By Regina Velázquez
Even with his feet solidly on the ground in Williamstown, Tafara Makaza ’22 is helping to improve economic opportunities in his home country of Zimbabwe, inspired by the technology that’s a part of many students’ everyday lives. In just a few short years—and mostly from his room on campus—he has worked to help people in Africa send money to each other, find and offer rides, and earn money through gigs and sustainable income.
When he first came to Williams, Makaza says he was surprised by the ease of ordering goods and services online. “Things like Uber—it’s very common, right?” he says. “You sort of overlook it. But for me, when I first came here, that was something totally new for me. Even something like online shopping—ordering something and trusting that it would show up in Paresky—I had to take at least two months to try it out and see if I could really do it. Things like that were so overwhelming for me.”
Not only did he test out the tech, but he also began to think of ways it could benefit people back home. “Just coming from a different place makes you realize how powerful these innovations can be, compared to people who grew up here their whole lives,” he says.
He developed his first app in 2016, when he wanted to send his mother a Christmas gift without the hassle of collecting wired money. (See a 2017 article about the app, FamKeepa.) Makaza was inspired to create another app after working through Projects for Peace in the summer of 2019 to create agricultural jobs in Zimbabwe.

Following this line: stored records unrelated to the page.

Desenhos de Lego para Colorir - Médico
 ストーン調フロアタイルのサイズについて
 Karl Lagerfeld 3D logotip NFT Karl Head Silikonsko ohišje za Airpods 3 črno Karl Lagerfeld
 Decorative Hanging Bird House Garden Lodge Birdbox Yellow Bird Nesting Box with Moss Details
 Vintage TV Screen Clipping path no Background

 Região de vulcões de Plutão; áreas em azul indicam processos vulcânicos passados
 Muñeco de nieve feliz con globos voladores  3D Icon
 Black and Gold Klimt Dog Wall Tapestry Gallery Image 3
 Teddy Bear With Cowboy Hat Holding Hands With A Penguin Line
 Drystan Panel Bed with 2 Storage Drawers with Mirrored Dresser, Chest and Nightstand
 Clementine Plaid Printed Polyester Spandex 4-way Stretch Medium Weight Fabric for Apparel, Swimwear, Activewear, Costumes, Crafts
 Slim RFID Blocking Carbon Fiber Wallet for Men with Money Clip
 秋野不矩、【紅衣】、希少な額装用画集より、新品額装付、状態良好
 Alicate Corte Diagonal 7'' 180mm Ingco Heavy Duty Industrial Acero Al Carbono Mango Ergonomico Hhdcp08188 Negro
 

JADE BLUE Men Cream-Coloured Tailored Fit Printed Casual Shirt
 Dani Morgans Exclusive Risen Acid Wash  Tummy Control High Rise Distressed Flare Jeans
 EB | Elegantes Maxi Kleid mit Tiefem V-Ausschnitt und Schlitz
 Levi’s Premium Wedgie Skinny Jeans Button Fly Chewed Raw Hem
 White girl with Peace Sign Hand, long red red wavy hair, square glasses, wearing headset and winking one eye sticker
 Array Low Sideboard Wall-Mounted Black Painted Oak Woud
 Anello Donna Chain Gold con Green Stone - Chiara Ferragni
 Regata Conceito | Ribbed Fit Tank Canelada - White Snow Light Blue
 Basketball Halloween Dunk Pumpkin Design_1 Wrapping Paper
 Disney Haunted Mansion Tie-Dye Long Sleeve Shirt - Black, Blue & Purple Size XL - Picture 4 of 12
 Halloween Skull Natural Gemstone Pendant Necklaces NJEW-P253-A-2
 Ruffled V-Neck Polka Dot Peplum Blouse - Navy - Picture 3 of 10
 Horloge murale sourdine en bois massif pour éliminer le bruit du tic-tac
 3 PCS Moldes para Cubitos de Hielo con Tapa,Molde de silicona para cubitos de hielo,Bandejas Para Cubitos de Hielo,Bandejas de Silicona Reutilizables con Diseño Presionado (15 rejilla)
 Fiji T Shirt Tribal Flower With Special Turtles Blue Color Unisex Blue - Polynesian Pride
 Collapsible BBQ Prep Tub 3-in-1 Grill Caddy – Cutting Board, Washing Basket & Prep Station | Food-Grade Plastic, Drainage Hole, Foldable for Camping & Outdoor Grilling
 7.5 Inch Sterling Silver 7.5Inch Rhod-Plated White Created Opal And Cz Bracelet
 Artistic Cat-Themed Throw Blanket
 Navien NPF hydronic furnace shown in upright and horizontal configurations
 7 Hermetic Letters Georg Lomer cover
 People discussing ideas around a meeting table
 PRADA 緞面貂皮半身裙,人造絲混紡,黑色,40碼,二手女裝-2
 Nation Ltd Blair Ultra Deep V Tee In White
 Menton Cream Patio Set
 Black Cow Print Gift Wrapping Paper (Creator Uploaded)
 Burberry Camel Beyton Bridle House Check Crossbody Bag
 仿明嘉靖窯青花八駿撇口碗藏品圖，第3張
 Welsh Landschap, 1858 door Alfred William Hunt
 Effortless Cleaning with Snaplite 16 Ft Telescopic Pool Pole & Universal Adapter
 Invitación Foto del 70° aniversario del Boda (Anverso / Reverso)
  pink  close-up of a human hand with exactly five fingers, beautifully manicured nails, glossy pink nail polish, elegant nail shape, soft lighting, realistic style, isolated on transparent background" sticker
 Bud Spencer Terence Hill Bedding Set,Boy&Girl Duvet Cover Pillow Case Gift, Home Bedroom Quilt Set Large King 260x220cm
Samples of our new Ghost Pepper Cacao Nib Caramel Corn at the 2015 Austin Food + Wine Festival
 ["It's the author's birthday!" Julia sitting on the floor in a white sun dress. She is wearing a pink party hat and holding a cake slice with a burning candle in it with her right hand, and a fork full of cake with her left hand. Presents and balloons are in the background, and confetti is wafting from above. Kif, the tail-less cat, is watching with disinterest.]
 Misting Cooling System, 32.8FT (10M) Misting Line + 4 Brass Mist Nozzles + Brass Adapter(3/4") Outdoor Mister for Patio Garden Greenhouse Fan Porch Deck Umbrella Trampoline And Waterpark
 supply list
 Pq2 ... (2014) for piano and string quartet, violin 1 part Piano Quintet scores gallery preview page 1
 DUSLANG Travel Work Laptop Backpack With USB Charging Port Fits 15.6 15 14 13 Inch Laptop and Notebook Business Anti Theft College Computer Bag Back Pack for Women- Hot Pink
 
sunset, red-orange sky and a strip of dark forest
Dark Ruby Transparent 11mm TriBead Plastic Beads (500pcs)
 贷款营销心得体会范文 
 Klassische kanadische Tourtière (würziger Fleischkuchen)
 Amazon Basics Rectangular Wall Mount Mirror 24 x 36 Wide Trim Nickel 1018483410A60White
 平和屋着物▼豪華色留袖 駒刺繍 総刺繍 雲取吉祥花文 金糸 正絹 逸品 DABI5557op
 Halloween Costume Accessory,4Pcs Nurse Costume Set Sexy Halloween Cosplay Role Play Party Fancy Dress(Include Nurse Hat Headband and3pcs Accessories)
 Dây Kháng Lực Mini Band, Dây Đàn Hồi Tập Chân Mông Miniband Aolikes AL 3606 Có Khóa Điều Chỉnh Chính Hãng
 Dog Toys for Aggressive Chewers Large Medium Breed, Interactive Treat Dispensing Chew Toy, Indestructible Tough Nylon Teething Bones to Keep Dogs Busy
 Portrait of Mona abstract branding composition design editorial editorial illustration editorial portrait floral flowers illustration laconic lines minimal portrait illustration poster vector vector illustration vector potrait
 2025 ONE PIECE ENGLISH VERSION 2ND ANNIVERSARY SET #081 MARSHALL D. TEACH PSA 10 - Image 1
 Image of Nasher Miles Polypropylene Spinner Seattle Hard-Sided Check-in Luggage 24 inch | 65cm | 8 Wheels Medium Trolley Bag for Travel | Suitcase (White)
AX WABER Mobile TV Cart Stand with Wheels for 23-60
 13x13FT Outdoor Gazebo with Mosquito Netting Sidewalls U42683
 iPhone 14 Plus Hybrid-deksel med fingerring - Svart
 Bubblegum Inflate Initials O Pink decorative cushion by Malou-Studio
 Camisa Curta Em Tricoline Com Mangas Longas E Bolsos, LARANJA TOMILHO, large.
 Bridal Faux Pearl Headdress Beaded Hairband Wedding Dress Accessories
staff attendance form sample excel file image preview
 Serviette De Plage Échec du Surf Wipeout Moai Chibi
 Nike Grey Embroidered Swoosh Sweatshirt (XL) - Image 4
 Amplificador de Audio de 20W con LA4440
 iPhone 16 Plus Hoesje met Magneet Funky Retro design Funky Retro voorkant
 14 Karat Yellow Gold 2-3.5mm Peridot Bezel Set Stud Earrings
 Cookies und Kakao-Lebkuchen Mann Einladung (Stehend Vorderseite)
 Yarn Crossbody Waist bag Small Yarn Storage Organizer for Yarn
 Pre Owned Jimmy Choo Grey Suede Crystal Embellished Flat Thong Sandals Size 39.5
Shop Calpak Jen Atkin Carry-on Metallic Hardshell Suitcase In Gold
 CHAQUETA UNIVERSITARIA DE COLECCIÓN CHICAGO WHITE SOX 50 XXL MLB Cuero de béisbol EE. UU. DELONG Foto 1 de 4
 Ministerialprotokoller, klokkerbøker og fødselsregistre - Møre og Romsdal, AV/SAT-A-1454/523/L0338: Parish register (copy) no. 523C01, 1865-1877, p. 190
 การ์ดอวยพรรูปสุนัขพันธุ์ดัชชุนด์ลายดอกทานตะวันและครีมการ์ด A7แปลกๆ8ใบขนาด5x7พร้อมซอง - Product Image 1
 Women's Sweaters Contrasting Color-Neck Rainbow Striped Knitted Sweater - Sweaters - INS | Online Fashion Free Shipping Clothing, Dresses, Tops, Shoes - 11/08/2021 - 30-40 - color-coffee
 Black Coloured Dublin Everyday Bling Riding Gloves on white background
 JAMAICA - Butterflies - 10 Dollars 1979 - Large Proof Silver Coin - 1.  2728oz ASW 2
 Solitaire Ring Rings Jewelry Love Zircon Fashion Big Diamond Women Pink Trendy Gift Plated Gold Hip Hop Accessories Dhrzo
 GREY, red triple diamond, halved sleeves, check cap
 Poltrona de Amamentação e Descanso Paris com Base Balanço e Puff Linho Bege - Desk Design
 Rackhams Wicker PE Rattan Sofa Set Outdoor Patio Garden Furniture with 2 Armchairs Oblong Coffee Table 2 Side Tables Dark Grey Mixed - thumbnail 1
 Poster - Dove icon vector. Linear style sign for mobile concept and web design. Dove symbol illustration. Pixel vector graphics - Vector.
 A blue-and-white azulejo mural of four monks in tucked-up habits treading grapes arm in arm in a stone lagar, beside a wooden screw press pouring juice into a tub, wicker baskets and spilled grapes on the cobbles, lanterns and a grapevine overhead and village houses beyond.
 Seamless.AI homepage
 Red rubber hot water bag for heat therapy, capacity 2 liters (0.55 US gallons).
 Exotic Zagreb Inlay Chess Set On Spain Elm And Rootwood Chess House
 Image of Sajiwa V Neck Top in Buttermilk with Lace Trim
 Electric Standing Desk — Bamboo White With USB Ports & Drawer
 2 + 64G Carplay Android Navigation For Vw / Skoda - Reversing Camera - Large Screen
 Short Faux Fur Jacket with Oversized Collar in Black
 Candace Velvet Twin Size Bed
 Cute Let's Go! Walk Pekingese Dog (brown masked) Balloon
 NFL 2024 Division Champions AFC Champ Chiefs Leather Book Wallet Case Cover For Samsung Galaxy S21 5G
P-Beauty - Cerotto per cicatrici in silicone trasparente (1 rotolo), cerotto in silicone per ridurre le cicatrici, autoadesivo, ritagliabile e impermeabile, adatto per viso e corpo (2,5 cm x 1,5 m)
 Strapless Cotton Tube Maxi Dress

In a country where many people earn income selling one or two chickens at a time from their homes, he organized a larger chicken business: He contracted workers to build a run, bought chickens and feed, hired workers to slaughter and process the chickens and connected the suppliers with vendors. The project involved 50 women who are still employed with the business today.
Later that year, he joined Tuverl with two Harvard alums: Hope Ndhlovu from Zimbabwe and Bahlakoana Mabetha from Lesotho. The app, inspired by Uber and Lyft, seeks to make public transportation less expensive and more accessible to millions of commuters across Africa by helping public transport operators optimize their routes, reduce operational costs and increase revenue. Operators receive secure payments and customer feedback that can help shape their businesses. Ridesharing through Tuverl helps reduce the number of vehicles on congested African roads, lowering CO2 levels. While Makaza and his cofounders originally concentrated on public transportation, the pandemic shifted their focus. “We had to figure out how to pivot and start targeting smaller cars, figure out contact tracing,” he says.
Makaza earned second place for an Innovation and Digital Inclusion award at the YouthConnekt Africa Summit in Rwanda for young entrepreneurs in 2019. As a result, Makaza was tapped as an ambassador for a Samsung and United Nations Development Programme initiative encouraging young people to work toward “17 Global Goals” to improve the world by 2030. Samsung’s Global Goals app has been downloaded on more than 45 million smartphones as of this writing, and a short video Makaza made to promote goal number 11—sustainable cities and communities—has reached nearly 9 million viewers on YouTube.
Makaza launched another new app with two Williams alumni—one Rwandan and one American—in early 2020. Having studied the gig economy in Zimbabwe, he wondered if he could connect informal workers—who constitute 80% of Africa’s workforce—and employers. “In terms of employment opportunities [in Africa], if you’re a young person, maybe you’ve done medicine or engineering in college, and then you graduate and there are no jobs, and you’re just selling tomatoes,” he says. “If someone is smart enough to get their electrical engineering degree, they can certainly come and help you out with a solar installation.”
Their answer was Fixa Rwanda Inc., which connects households and businesses with an on-demand workforce. Vetted and trained workers can use the app to reach clients, gain greater access to regular work and access financial services, such as bank loans for buying equipment. The service will be available in Rwanda this summer, but the team intends to expand the business across Africa.
Speaking about his motivation for creating these apps, Makaza says, “The advantage I have is that I spent 20 years of my life in Africa, and, coming here, I’m the best person to contextualize these solutions in a way that people back home can really use and appreciate.”
Because of the pandemic, Makaza has been on campus since February 2020, taking advantage of a three-semester leave to work on his businesses and an Alumni Sponsored Internship Program, where he served (remotely) as a project manager to help develop online learning platforms for public high schools back home in Zimbabwe. “Whenever I’m not doing school things, I’m doing business. I live in an office. I work out of my office and I sleep in my office.”
As Covid restrictions begin to loosen, Makaza plans to work full time on Fixa in Rwanda this summer. Though he’s pursuing a major in astrophysics, he sees limitless career opportunities. “The beauty about being at Williams is, of course I’m doing an astrophysics degree, but I’ve also taken dance, computer science, economics, writing,” he says. “Maybe I’ll do an MBA, maybe I’ll be working on my business or maybe I’ll be doing a Ph.D. in astrophysics or computer science. You never know. And I’m very comfortable with that, as long as the options are there.”